* [Data for review]
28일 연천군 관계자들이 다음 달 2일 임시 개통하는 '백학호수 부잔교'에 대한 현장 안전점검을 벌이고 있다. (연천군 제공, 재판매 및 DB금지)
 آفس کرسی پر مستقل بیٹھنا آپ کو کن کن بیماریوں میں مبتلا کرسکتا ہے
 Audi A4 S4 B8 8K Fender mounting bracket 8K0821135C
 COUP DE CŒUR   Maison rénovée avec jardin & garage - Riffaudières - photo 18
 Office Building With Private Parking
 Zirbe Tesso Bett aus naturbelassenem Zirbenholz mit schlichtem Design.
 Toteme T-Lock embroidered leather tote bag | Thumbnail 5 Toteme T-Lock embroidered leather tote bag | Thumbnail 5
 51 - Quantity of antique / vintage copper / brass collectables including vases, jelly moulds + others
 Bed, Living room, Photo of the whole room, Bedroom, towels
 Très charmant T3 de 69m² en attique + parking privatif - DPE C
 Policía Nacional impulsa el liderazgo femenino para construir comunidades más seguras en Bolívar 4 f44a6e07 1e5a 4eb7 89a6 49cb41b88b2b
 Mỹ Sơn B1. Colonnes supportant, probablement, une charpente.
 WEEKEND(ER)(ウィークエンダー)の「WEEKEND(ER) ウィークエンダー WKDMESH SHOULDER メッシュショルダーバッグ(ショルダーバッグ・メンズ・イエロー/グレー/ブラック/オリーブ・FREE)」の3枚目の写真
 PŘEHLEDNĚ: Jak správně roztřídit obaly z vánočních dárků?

* [Directions] Write out the data above once more, exactly as it reads.

* [Your solution]
28일 연천군 관계자들이 다음 달 2일 임시 개통하는 '백학호수 부잔교'에 대한 현장 안전점검을 벌이고 있다. (연천군 제공, 재판매 및 DB금지)
 آفس کرسی پر مستقل بیٹھنا آپ کو کن کن بیماریوں میں مبتلا کرسکتا ہے
 Audi A4 S4 B8 8K Fender mounting bracket 8K0821135C
 COUP DE CŒUR   Maison rénovée avec jardin & garage - Riffaudières - photo 18
 Office Building With Private Parking
 Zirbe Tesso Bett aus naturbelassenem Zirbenholz mit schlichtem Design.
 Toteme T-Lock embroidered leather tote bag | Thumbnail 5 Toteme T-Lock embroidered leather tote bag | Thumbnail 5
 51 - Quantity of antique / vintage copper / brass collectables including vases, jelly moulds + others
 Bed, Living room, Photo of the whole room, Bedroom, towels
 Très charmant T3 de 69m² en attique + parking privatif - DPE C
 Policía Nacional impulsa el liderazgo femenino para construir comunidades más seguras en Bolívar 4 f44a6e07 1e5a 4eb7 89a6 49cb41b88b2b
 Mỹ Sơn B1. Colonnes supportant, probablement, une charpente.
 WEEKEND(ER)(ウィークエンダー)の「WEEKEND(ER) ウィークエンダー WKDMESH SHOULDER メッシュショルダーバッグ(ショルダーバッグ・メンズ・イエロー/グレー/ブラック/オリーブ・FREE)」の3枚目の写真
 PŘEHLEDNĚ: Jak správně roztřídit obaly z vánočních dárků?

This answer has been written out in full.